Why Yoga is the Wrench... when it comes to baseballJul 27, 2023
For a decade or so, baseball players have been turning to Yoga. Some MLB teams have even incorporated it into their training protocols (LINK and LINK). Many players claim to have received benefits from doing it. No doubt they have.
Because of the way I warm up prior to my games, my teammates and opponents have assumed or asked if I do Yoga. I do not. There are many reasons that I don’t but the main one is because there is something better.
Better than Yoga?
Yes, but before going into why, it’s important to note that there are many forms of Yoga and many reasons why someone may engage in its practice. For the purposes of this discussion, we will be referring solely to the primary reason it’s considered for baseball players: mobility / flexibility. (For completeness, practitioners will argue that there is a strength benefit gained even when flexibility and mobility are the goals due to the ranges of motion attempted in the various poses.)
A Hammer or a Wrench?
If you want to drive in a nail, you can likely do it with a wrench, but the job is more easily and efficiently accomplished with a hammer. The hammer was designed for this.
Yoga, as it is commonly known, is performed for general physical fitness, mindfulness, weight loss, mobility and flexibility, body sculpting, conditioning and so on. It was not designed to make baseball players better, more flexible or mobile.
When determining which tool to use, the hammer or the wrench, assess the goal of the activity. What are you trying to accomplish?
Mobility and Flexibility
Increased mobility and flexibility is the goal. So, why not Yoga? Because Yoga is the wrench, not the hammer. It will get the job done, but there’s a better tool, a better way.
When there's a drop in performance on the field, an increase in recovery time, or injuries, many players conclude that their “tightness” or “stiffness” is an indication that they are inflexible or immobile. However, they are overlooking some considerations. Once these things start to happen, they examine their physical condition and realize that they have less range of motion, reduced strength and poor aerobic capacity. The response to this is often to start working out - typically lifting, stretching and running. Benefits from lifting and running are nearly immediate, obvious and invigorating. The reaction to stretching, much less so and in turn is either abandoned or used only to get “warmed” up for the other activities.
Turn to Yoga?
Rarely is the actual cause of these issues of performance drop, increased recovery time and injuries considered or pursued. They're usually written off as aging and/or a lack of working out.

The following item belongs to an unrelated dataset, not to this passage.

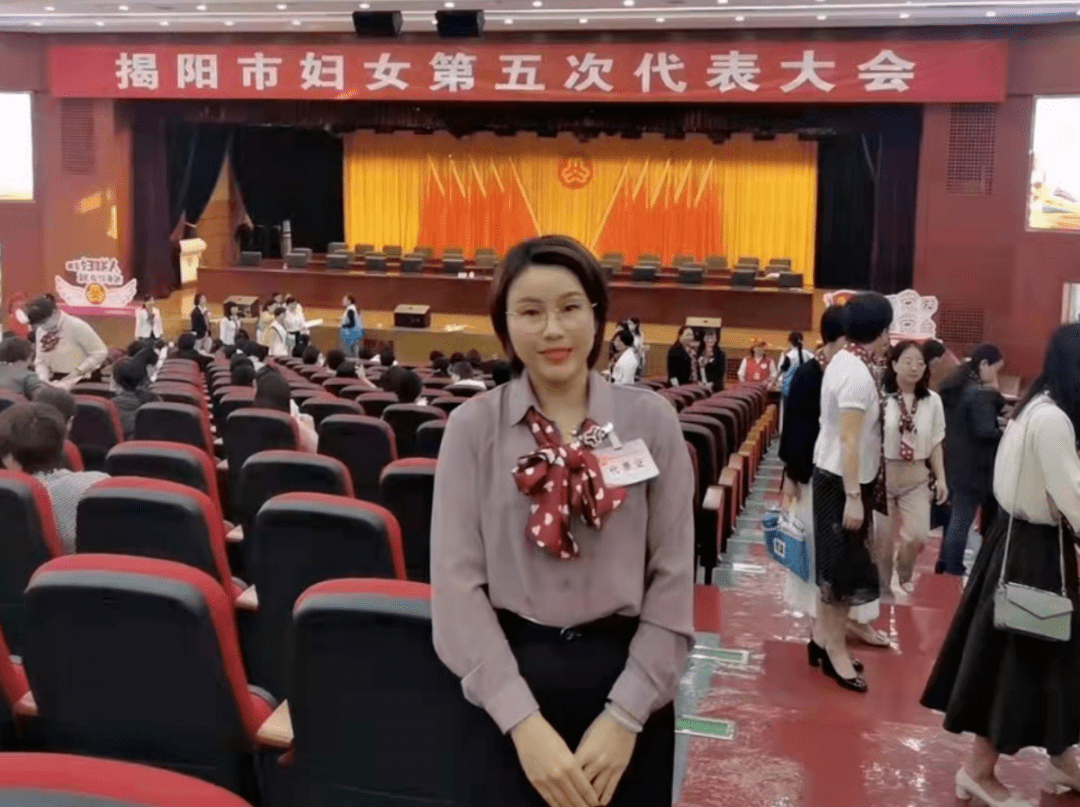 (向下滑动查看更多)庄娟,揭西县上砂镇洁程家政的负责人.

The real reason, In nearly every case, is that their lifestyle does not contain enough movement.
The solution is simple. Move more. You feel stiff and tight because you stopped moving. Your body has adapted to the demands or lack of demands you’ve placed on it. If you only move in small ranges of motion when you do move and you don’t move often then your body will adapt to that. Then, when you ask it to move in larger ranges of motion, powerfully like you would playing baseball, it will either refuse (reduced performance) or try and fail (injury). If you avoid injury, your body will need some time to recover from your attempts to move in a way it wasn’t prepared to do.
At some point in your life you were flexible and mobile enough to perform well on the baseball field. Were you doing Yoga then? Probably not. Are you no longer flexible and mobile because you stopped doing Yoga? I doubt it. Not doing Yoga isn’t the reason you feel stiff and immobile, therefore, doing Yoga isn’t the answer.
Your Natural Capabilities
Human beings are capable of a multitude of physical skills, such as sprinting, jumping, swimming, throwing, lifting, swinging, balancing, climbing and so much more. Engage in some of these (or similar) activities consistently throughout your days and you will swiftly become more mobile and flexible. Spend more time sitting on the floor, squatting, standing or walking and your capabilities will return as will your performance on the field.
Put down the wrench; this is your Hammer.